Donovan Baarda wrote:

> G'day all,
> I'm not subscribed to the debian-devel list... feel free to repost to
> the list if this bounces.
> I've been browsing the kernel firmware threads in the archives, and felt
> the need to throw in my 2c.
> I have at various times worked on firmware for custom hardware. This
> often involved large sequences of hand coded hex.
Was the *entire* firmware ever hand coded hex?  (How often?  How long?)

If so, I guess some of these all-hex blobs could be believed to be hand
coded.  Which would be GPL-compliant, then.  Of course, if there was no
spec for how to write the blob in 'main', the blob would have to go in

> It also often included
> binary blobs for which the concept of "source code" was not really
> applicable.

> With things like gate arrays, the preferred form for modification often
> is a large binary file. This file is "edited" using a large commercial
> application, often provided by the gate-array manufacturer. Anyone who
> has this application can "open" and modify this file. There is no source
> or compiler as such; the binary file is directly modified and directly
> loaded into the gate array. The format of this binary file is usually
> documented in the gate array spec's, and in theory you could use any
> tool to edit this file.
I see.  OK, if it's fully documented, great, that's GPL-compliant!  For the
DFSG, if you have no tool, that's 'contrib'; if you have the tool it can go
in 'main'.

If it's an embedded hex blob, however -- since the preferred form for
modification is a binary file -- then you need to supply the binary file,
not just the hex blob!

> However, some of the more complex chips and/or tools do use hardware
> programing languages and/or higher-level project files that are the
> preferred form for modification. These files are often highly dependent
> on the application that generates them, making them useless without that
> (commercial) application.
That means "contrib".

> Without details on the hardware, it would be nearly impossible to
> determine if the binary file you have is or isn't the preferred form for
> modification. You would have to take the distributors word on that.
A little documentation would help.  Or indeed, the copyright holder's word,
rather than hypotheses and implications.

Still when I see something in the format "static u32 text[] = {...}; static
u32 rodata[] = {...}; ...", (as in the tg3 firmware) it looks pretty much
like a assembled executable file, and I have trouble believing that it

> Even
> if you do have the "preferred form for modification", these files cannot
> be usefully modified without full specs on the hardware, and the
> application used to modify them.
Right.  This is the 'contrib' problem.

> In one project I worked on, large firmware binary files were generated
> from a learning algorithm that was fed extremely large training data
> sets. The training data sets were themselves binary files generated from
> a variety of sources. The learning algorithm ran nearly a week to
> generate the firmware binary. After this binary was generated we
> developed our own tool that could inspect and tweak the binary file
> directly. The whole concepts of "source code" and "preferred form for
> modification" are kind of not applicable.
If you want the "preferred form for modification", well, you obviously
prefer the binary file, so it's that.

> How would this firmware blob
> be handled if it was up for inclusion in the kernel?
For the GPL, it would be OK.  For Debian, if you supply the tool, it goes in
'main'.  Otherwise, it's 'contrib'.

> Firmware walks the grey line between hardware and software.
Yes.  If it isn't burnt into ROM, however, it's software.  :-)

> The spirit
> of the GPL is that the "software" must be made available in a form
> useful for modification. With firmware, terms like "preferred form for
> modification" are largely useless as no form is useful for modification
> without the hardware specifications. This is why we need "Open
> Hardware".
So true; it isn't usefully free without hardware specs.  Like so much.
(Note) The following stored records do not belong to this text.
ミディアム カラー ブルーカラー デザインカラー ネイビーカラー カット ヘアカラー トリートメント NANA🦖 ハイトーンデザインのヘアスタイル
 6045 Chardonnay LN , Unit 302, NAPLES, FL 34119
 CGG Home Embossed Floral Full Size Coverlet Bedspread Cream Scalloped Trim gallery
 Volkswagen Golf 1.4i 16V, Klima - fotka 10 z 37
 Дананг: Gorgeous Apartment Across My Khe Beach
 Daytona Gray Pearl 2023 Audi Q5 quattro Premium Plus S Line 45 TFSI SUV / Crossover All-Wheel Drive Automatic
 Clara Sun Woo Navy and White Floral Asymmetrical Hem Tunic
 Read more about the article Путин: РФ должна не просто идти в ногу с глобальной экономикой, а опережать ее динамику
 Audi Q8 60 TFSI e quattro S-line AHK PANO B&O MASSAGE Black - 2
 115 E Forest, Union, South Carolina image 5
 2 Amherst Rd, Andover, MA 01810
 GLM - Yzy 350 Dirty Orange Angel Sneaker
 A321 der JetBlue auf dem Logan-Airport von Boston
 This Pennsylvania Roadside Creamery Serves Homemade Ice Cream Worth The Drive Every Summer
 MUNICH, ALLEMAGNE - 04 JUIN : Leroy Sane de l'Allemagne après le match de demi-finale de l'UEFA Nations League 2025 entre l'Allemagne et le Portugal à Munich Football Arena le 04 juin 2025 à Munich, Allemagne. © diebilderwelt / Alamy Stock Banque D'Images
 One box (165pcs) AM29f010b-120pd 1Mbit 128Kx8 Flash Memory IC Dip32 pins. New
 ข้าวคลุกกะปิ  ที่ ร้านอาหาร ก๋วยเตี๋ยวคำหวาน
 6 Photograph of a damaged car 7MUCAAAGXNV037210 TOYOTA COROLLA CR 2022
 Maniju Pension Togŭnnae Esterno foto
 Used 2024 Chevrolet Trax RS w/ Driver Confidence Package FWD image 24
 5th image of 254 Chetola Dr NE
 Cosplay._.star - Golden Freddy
>> > Hasn't anyone considered that maybe the binary blob *is* the source
>> > code?
>> Yes, and we've pretty much rejected it. While they might actually use
>> ASM, I've yet to run into someone who regularly codes (and modifies
>> their code) in machine language.
> In firmware for custom hardware I've found it very common to have long
> runs of hex data hand coded in C arrays. These arrays are the preferred
> form for modification, and no scripts are used to generate them.
Hooray!  A fact!

Are they ever the *entire* firmware?

> A typical example would be hardware with large numbers of configuration
> registers (up to 256 registers would be fairly common, but I would not
> be surprised if there was hardware out there with many K's worth of
> registers). Each register needs to be loaded with specific values that
> are evaluated by hand from the hardware's spec's. Evaluating many
> hundreds of hex values and typing them into an array is painful, but it
> only needs to be done once, so you do it by hand. During testing you
> might find you need to tweak the values, which is again done by hand.

So here you would
*specifying the width of the registers
*make an array of items of that width
*loading it in some clear way, *not* written in hex, into the registers

Anyway, would you call such an array 'microcode'?

I have to assume that the 'microcode' in the r128 and radeon drivers is, in
fact, microcode.

If it really looks like a register initialization array, I'll believe that
it is, and that it's GPL- and DFSG-OK.  It it doesn't, but I'm *told* that
it is, I'll believe that it is.  Otherwise, I can't see why anyone would
believe that it is.

> There are several reasons why a company providing "Open Source" like
> this would not or could not explain where the numbers come from.
> Sometimes, explaining the numbers would reveal more about the hardware
> than they are prepared to reveal. 
that == not free.

> Often they don't know; all they have
> is the same source you do, and the incomprehensible scribbled
> calculations of the engineer who wrote it were either filed in the
> trash, or are buried in a working file somewhere with configuration
> management.
Well, that's OK, of course.

There are none so blind as those who will not see.